When asked if it was worth it, Davis said, “Definitely yes. It’s caught a lot of serious things before we were down the road and had a lot of damage. There’s a difference between knowing and not knowing. Our software releases are much more stable — no critical issues.”
He says unit and functional tests have also improved the role of QA, offering them more creative freedom. The Redeye QA used to have to perform all the tests manually by following scripts. Now they can focus on more exploratory testing.
Not only did this break in developing take a long time, Davis admits what they call their “coverage testing” in general takes a long time and is very complicated, which is why they run the automated tests at deployment time and every evening — about a thousand functional tests and a couple hundred backend unit tests. They run what they refer to as their “coverage” overnight, though developers can still run smaller demands on demand.
Redeye have recently made the transition from Selenium to ChromeDriver for their testing framework, automating all their functional tests. It took another long time to make the change, but they don’t regret moving their Web drivers to be able to tell Chrome what to do.
“Basically when you’re running a test, you don’t want any variance when they run locally or in an environment. ChromeDriver is doing same thing in the server. There shouldn’t be any discrepancy between what the testing environment and what the user does,” Davis said.
Unit Testing Is about Culture too.
Like all changes, you have to develop a culture of unit testing, as it has to be a habit developed with your team.
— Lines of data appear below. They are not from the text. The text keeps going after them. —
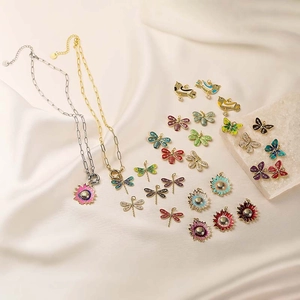 Enamel Insect Flower Jewelry Set Copper Butterfly Bee Dragonfly Swallow Sunflower Pendant Necklace For Women Sweet Style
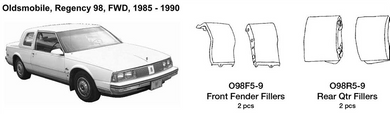 Oldsmobile Regency 98 Rear Quarter Fillers 1985 1986 1988 1989 1990  O98R5-9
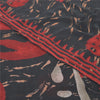 Sanskriti Vintage Sarees Black/Red Pure Georgette Silk Printed Sari Craft Sustainable Fabric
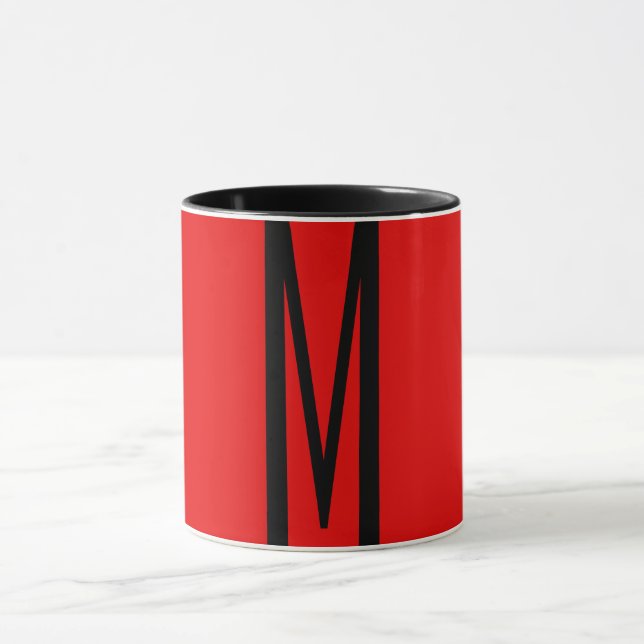 Initial Letter Monogram Modern Style Red Black Mug (Center)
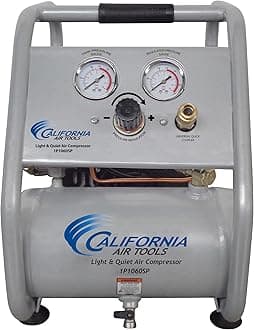 California Air Tools CAT-1P1060SP Light & Quiet Portable Air Compressor, Lightweight, Ultra Quiet, Oil-Free, 1 Gallon Steel Tank, .6 HP, 56 dBA Noise Level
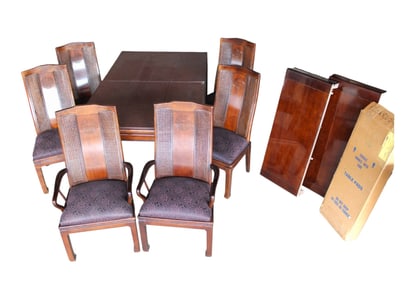 Nice vtg Bernhardt 7pc ornate and fancy dining set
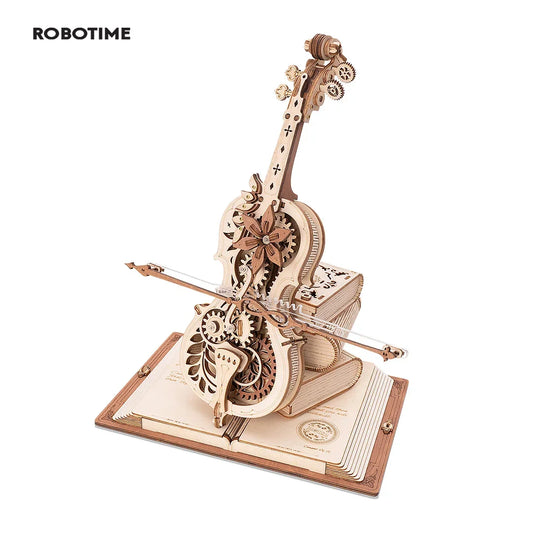 Robotime ROKR Magic Cello 3D Wooden Puzzle – Mechanical Music Box Toy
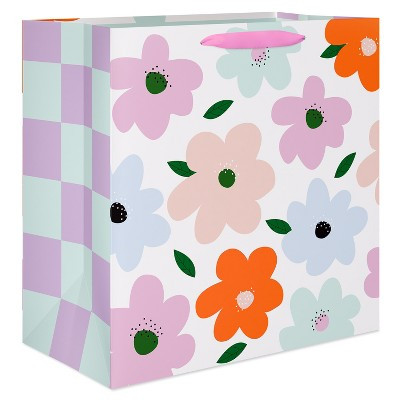 Jumbo Mother's Day Gift Bag, Floral and Checkered 15"x15" Designed by Spaghetti and Meatballs | Target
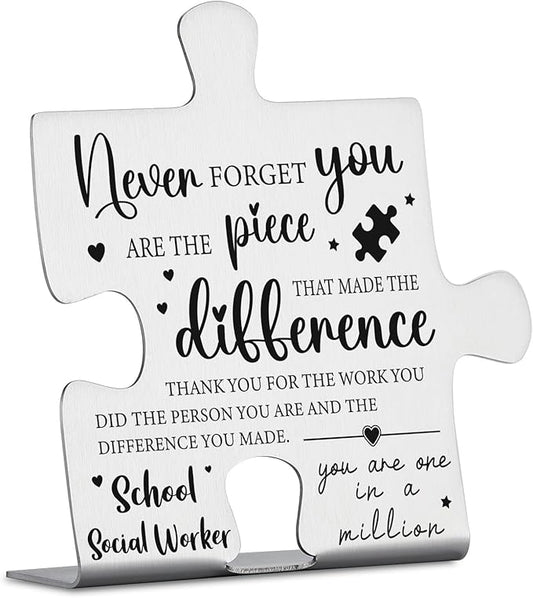 School Social Worker Appreciation Gifts, Thank You Gifts for School Social Worker Week Birthday Christmas Team Office Ornament Decor Puzzle Piece Decorative Signs Plaques YCC5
By forming this habit, you not only will assure in your quality of code, as well as “unit testing increases confidence in changing/ maintaining code.”
Johansson offers three rules that you have to set up — and agree on as a team — to develop a unit testing habit.
Rule #1: Unit Testing is Part of the Definition of Done.
Just like at Redeye, Johansson says: “Decide that commits must be unit tested…If a commit does not have unit tests, it does not go into the repository.”
This is a tricky one to sell at the start of a project because the code is so manageable to test. But it will get more complicated. A lot more complicated. Which is when he says you make that sale.
Of course, this will play into Rule #3 because you will have to untangle your code to do this. But, knowing this rule ahead will create cleaner, more isolated-able code, and the habit of unit testing can be formed.
Rule #2: Teach with Mandatory Code Review (Which Will Teach Team to Unit Test)
Unit testing is often performed by the writers of the code, but it can also be performed by your peers.
As LinkedIn Tech Lead Szczepan Faber defines it, a formal code review process “requires every code change to be officially reviewed by another team member before the code goes to production.”
LinkedIn uses code reviews for quality as well as professional growth. This has resulted in a lot of standardization and a more open company culture of feedback.
Johansson says you should include peer code reviews as part of the unit testing process. This improves the quality also of the unit tests and captures more edge cases.
Unit testing is also really interesting way for new developers on the team to get to know the code and the app’s whole user experience. Reading through your unit tests is a great way to see the backend and there’s still no better way than using the app to get the UX.
Rule #3: Unbraid Your Code into Units
Of course, if you want to make your code simpler, you’re going to have to untangle its web. And then when you write unit testing, the result is less complicated code.
One last benefit of unit testing? You can learn a lot from testing your own code.